Important Levels to Watch for Today:

-        Resistance line of 130.607 and 131.196.

-        Support line of 128.703 and 128.114.

Commentary/ Reason:                                        

  1. The dollar rose as high as 135.185 yen, its highest since October 1998, buoyed by a rise in Treasury yields having gained for each of the past seven sessions, as the policy divergence between hawkish central banks overseas and the dovish Bank of Japan becomes ever more apparent.

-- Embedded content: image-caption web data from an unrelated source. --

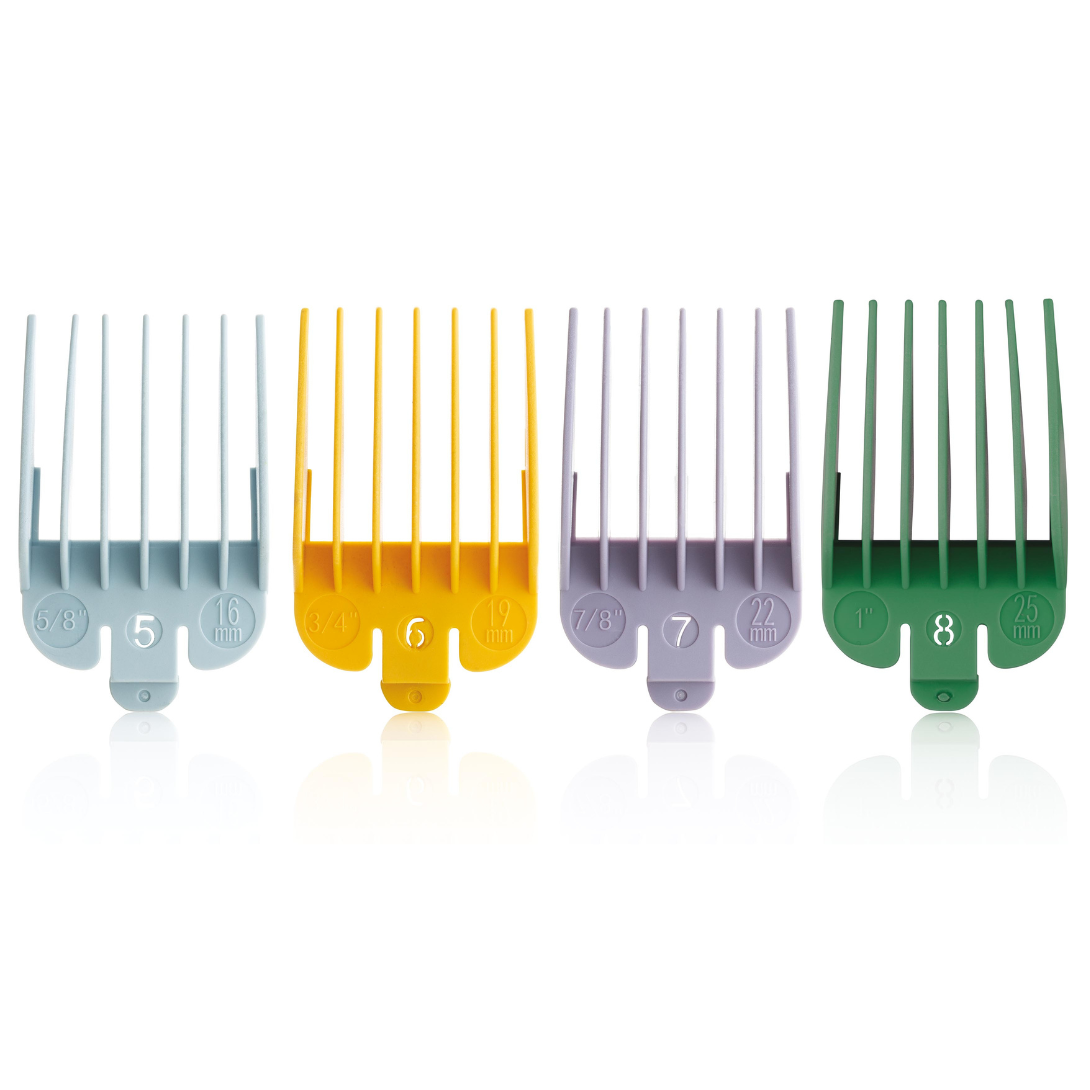 XanitaliaPro Set of 8 Guide Combs for Clippers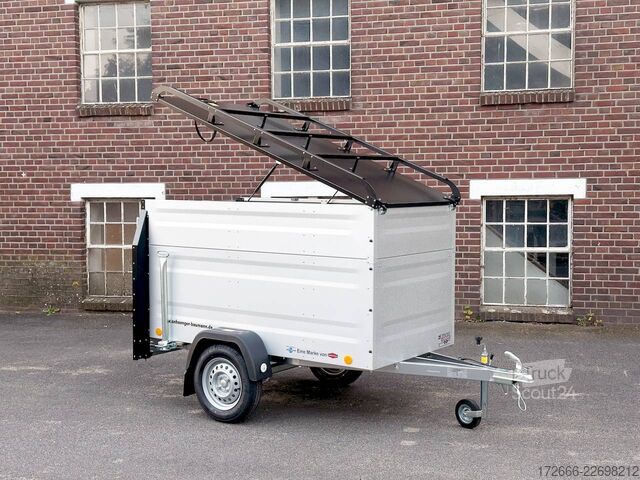 Deckelanhänger TPV Trailers | BÖCKMANN KT-EU2 PLUS 202X107X106CM 750KG DECKELANHÄNGER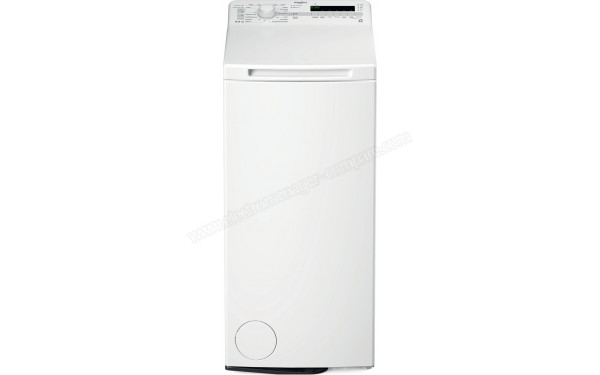 WHIRLPOOL TDLR55140SFR - Vue de face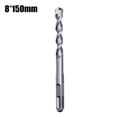 thumbnail image 1 of Alloy Square Handle Electric Hammer Drill Bit Cement Concrete Drill Bit, 1 of 8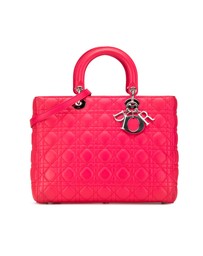 Pre-Loved by Azura Reborn - Pre-Loved dior Lady Dior Medium Tote Lambskin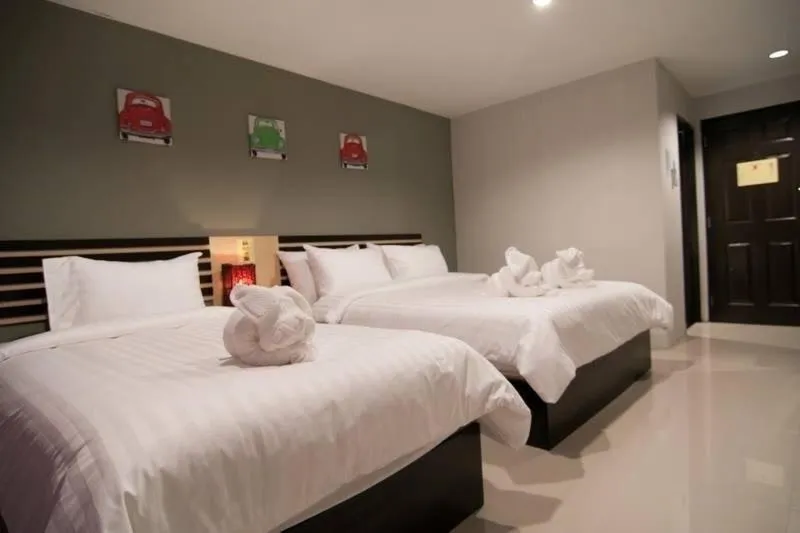 Guests in Nest Boutique Resort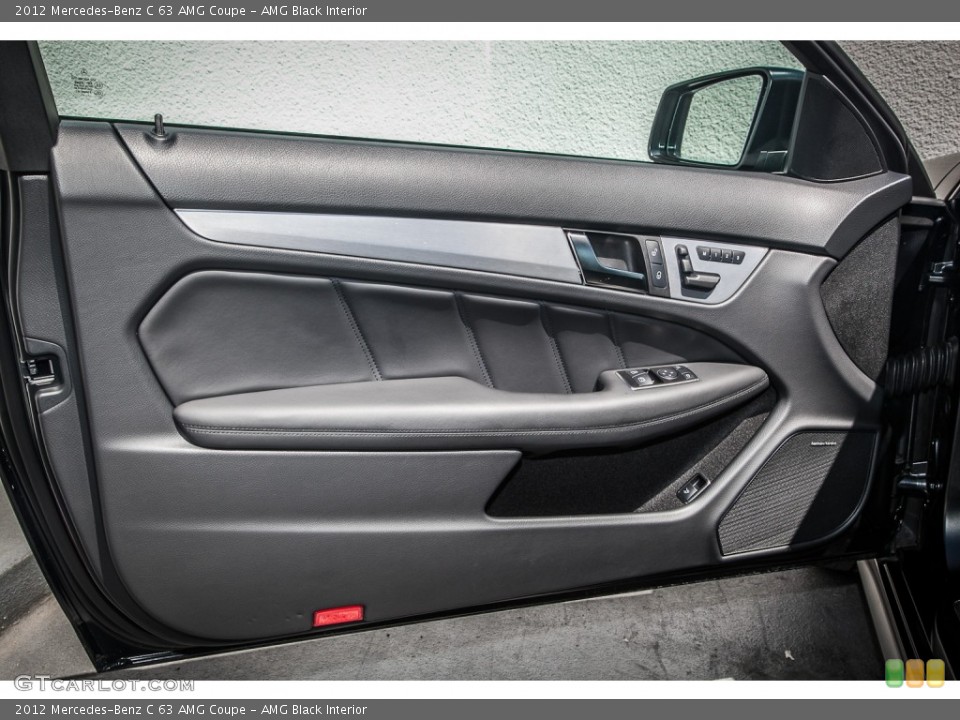 AMG Black Interior Door Panel for the 2012 Mercedes-Benz C 63 AMG Coupe #84263190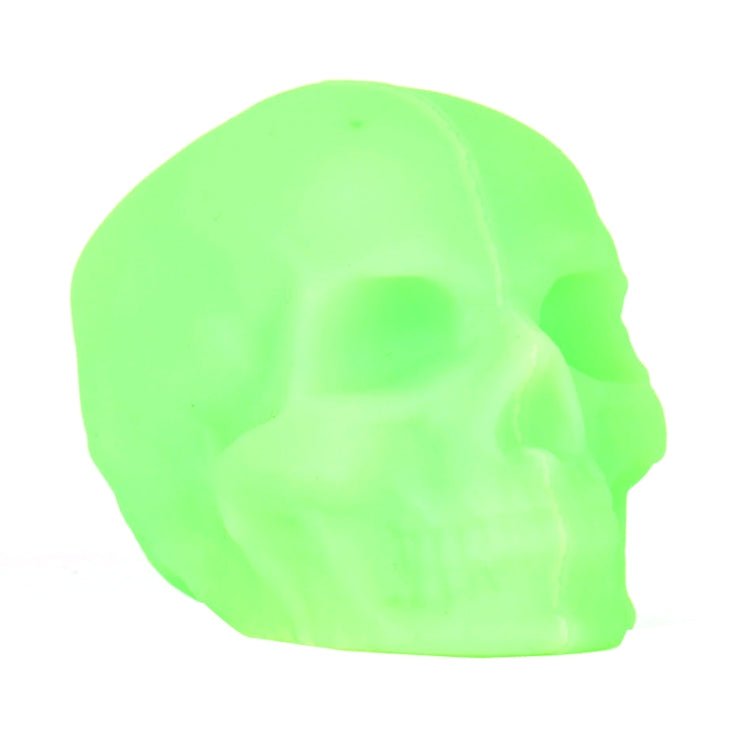 Skull Silicone Leak-Proof Fresh-Keeping Wine Stopper(Luminous Green) by bashfashion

  2. The gap between Japanese and U.S. benchmark yields widened after red hot U.S. inflation data drove U.S. Treasury yields higher. U.S. Treasury yields held higher in the afternoon of Asia trading hours. The benchmark 10-year Treasury note yield climbed to 3.172% while the yield on the 2-year Treasury surged to 3.1472%. In contrast, the yield on the 2-year Japanese Government Bond last stood in negative territory at around -0.049%.

  3. Higher energy prices have also hurt Japan's balance of payments, weighing on the yen.

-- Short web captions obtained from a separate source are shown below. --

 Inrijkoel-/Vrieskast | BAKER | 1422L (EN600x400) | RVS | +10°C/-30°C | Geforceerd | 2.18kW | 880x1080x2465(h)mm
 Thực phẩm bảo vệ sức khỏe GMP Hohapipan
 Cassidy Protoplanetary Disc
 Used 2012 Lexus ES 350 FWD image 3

  4. Japan's top government spokesperson earlier today issued a fresh warning to markets that Tokyo is concerned about sharp yen falls and ready to "respond appropriately" if needed.

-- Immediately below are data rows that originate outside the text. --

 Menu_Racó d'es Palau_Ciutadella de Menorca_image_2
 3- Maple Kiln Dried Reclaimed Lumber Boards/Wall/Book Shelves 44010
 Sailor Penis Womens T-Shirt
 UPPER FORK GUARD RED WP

  5. The highly-anticipated outcome of a two-day FOMC meeting is scheduled to be announced on Wednesday. This will be followed by the BoJ meeting on Friday, which should help determine the next leg of a directional move. In the meantime, the pair is likely to consolidate its recent gains amid absent relevant US macro data on Monday.




Important Levels to Watch for:

-        Resistance line of 1.25940 and 1.28100.

-        Support line of 1.21620 and 1.19460.

Commentary/ Reason:

  1. The sterling was 0.80% lower at $1.22146, taking little support from expectations the Bank of England will raise rates on Thursday, which would be its fifth increase since December.

  2. The GBP/USD bears keep reins for the fourth consecutive day while dropped to new two-year low earlier in the session.

  3. The GBP/USD pair supports the chances of continuing the bearish trend on the intraday and short-term basis, paving the way to head towards 1.2162 as a next main target. The EMA50 continues to support the expected bearish wave, which will remain valid unless the price rallied to breach 1.2594 and hold above it.

  4. The GBP/USD remains on the bear’s radar ahead of the monthly data dump, as well as monetary policy meetings of the Fed and the BoE. However, the immediate downside has multiple challenges and hence a corrective pullback can’t be ruled out.